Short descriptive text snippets
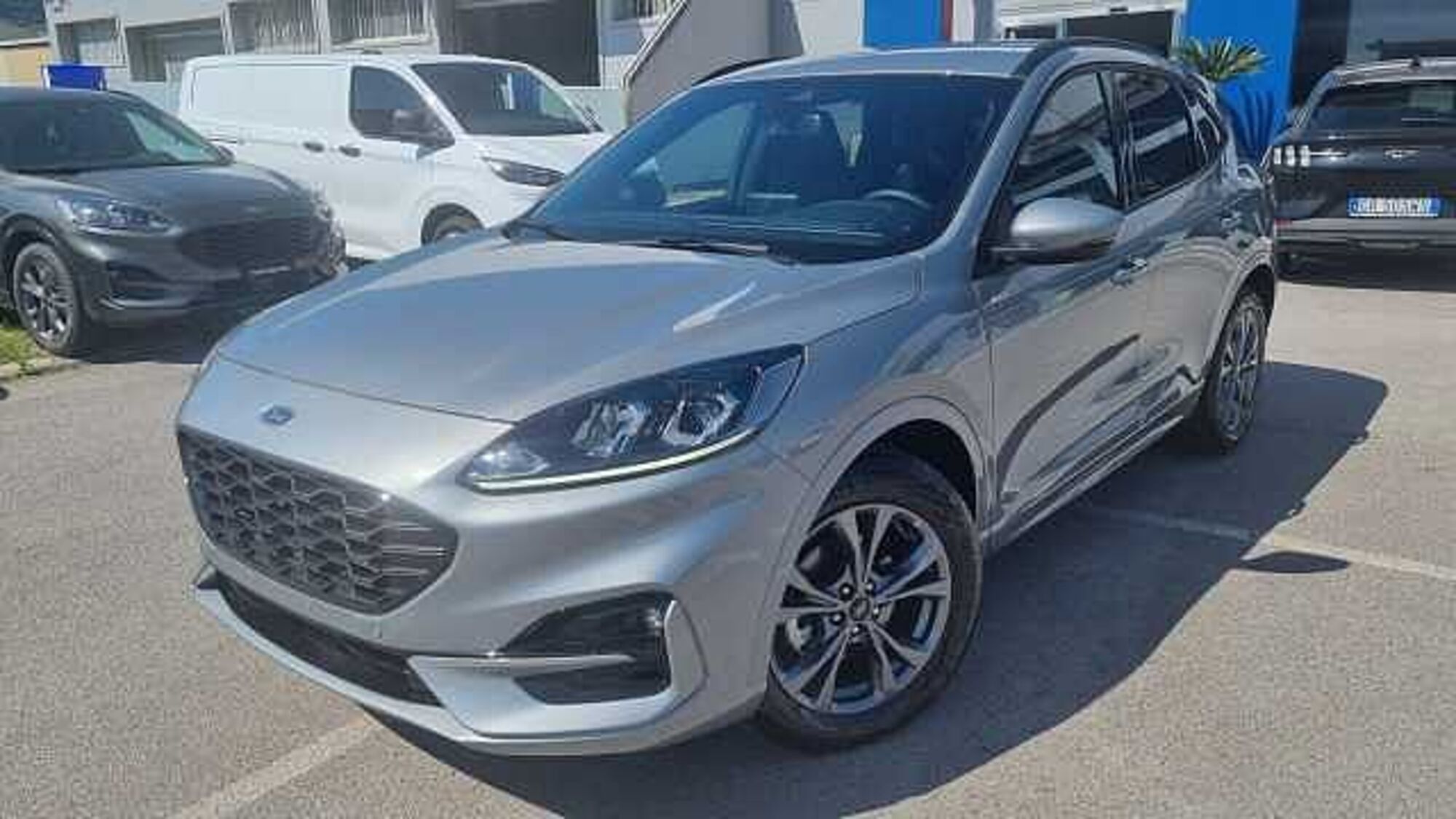 Ford Kuga 1.5 ecoboost ST-Line 2wd 150cv nuova a Salerno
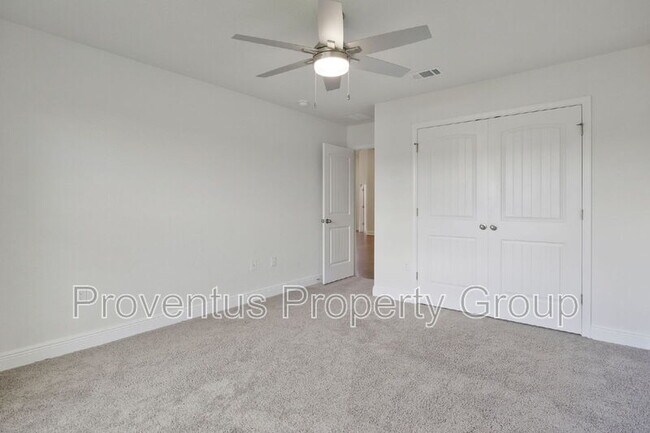 Building Photo - 2419 Privet Berry Dr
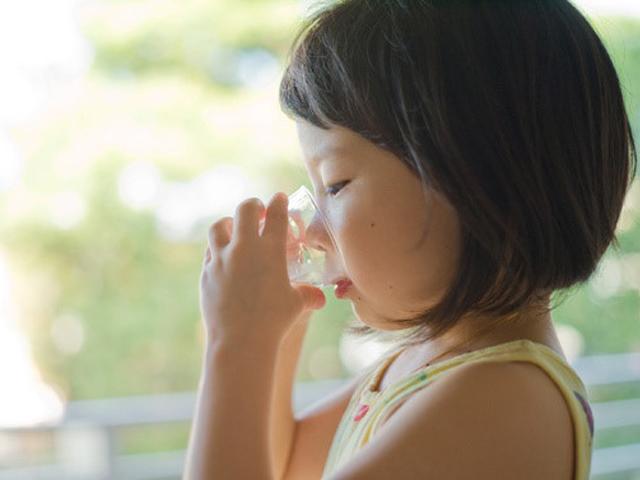 Pha sai tỷ lệ oresol dễ gây ngộ độc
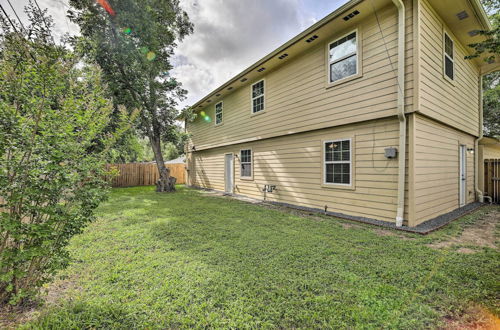 Foto 14 - Spacious Houston Family Home With Game Room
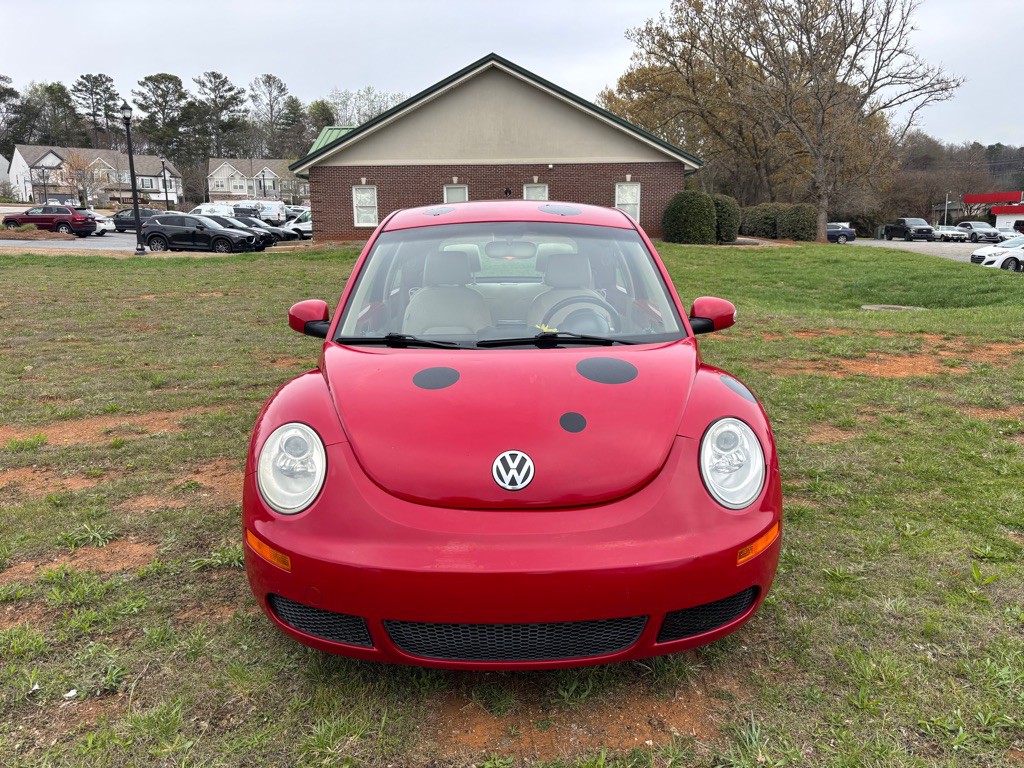 2009 Volkswagen Beetle Image 2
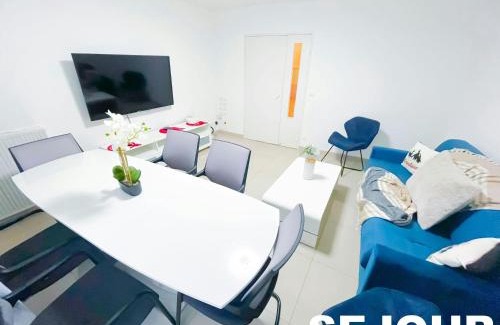 Montaigut Apartment | 5 Chambres 3 Sdb Parking Gratuit - Idéal Groupe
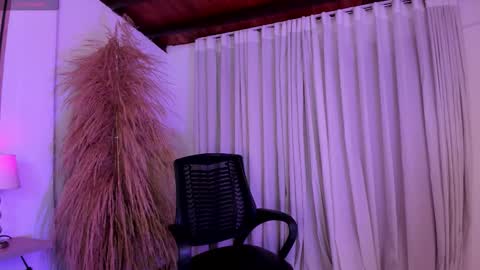 Snapshot of amanda_26 chatting on 10/29/25, 01:41 Luisa online show from 10/29/25, 01:41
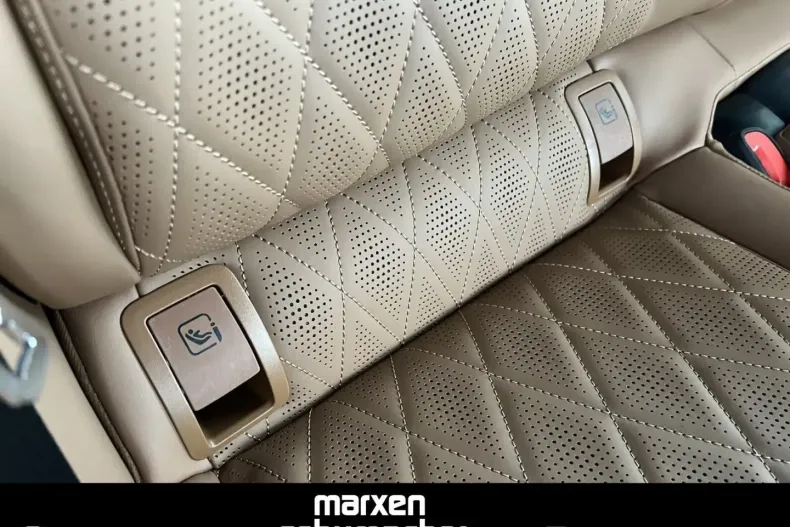 Mercedes-Benz E 220 (Clasa E) din 2023 cu 9.950 km - oferta MER196943 - foto 20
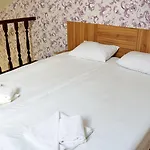 Forest Nook Aparthotel Pamporovo
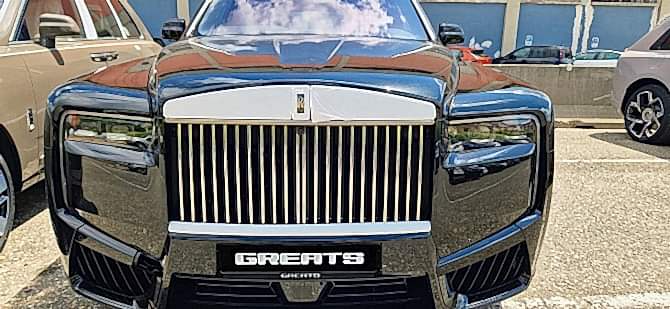 Rolls-Royce Cullinan Black Badge FL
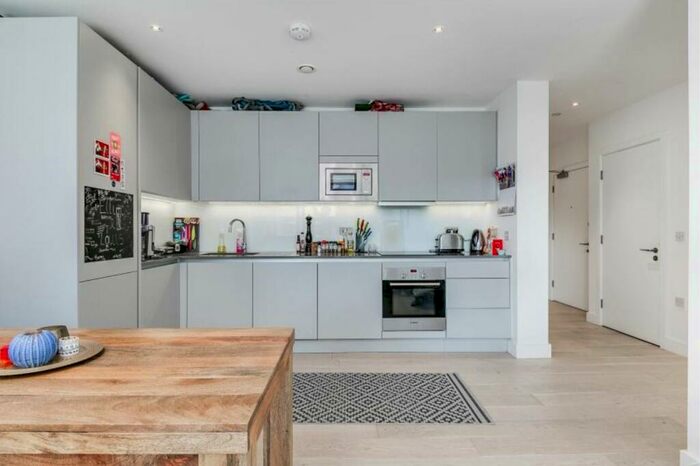 2 Bedroom Apartment To Rent In Cobalt Place, London, SW11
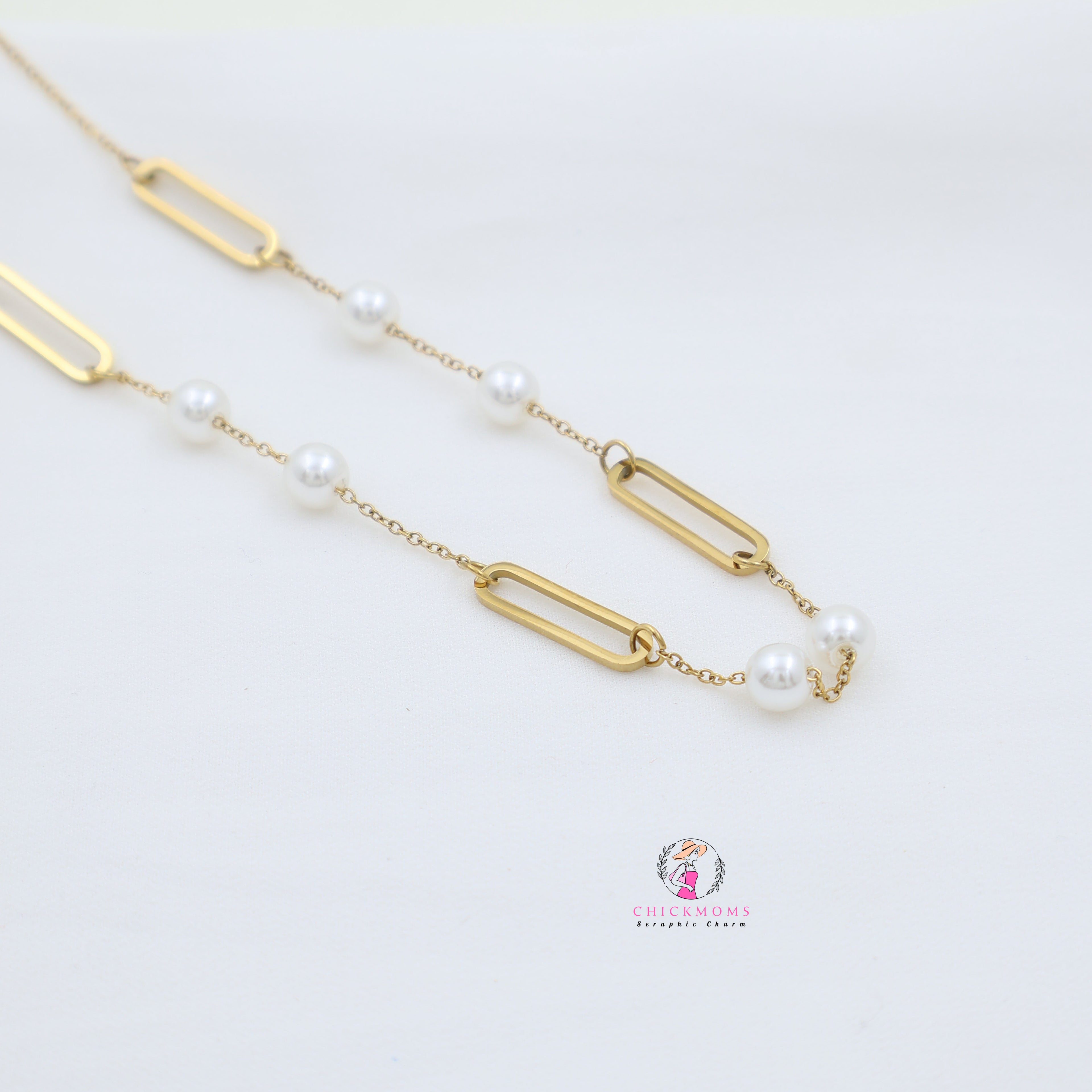 Gold Link Pearl Necklace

**WHAT IS NEEDED**
Please return exactly, and only, the lines from the one containing "Rolls-Royce Cullinan Black Badge FL" through the end of the records, with both end lines kept and every picture dropped.

**EXPECTED ANSWER**
 Rolls-Royce Cullinan Black Badge FL
 2 Bedroom Apartment To Rent In Cobalt Place, London, SW11
 Gold Link Pearl Necklace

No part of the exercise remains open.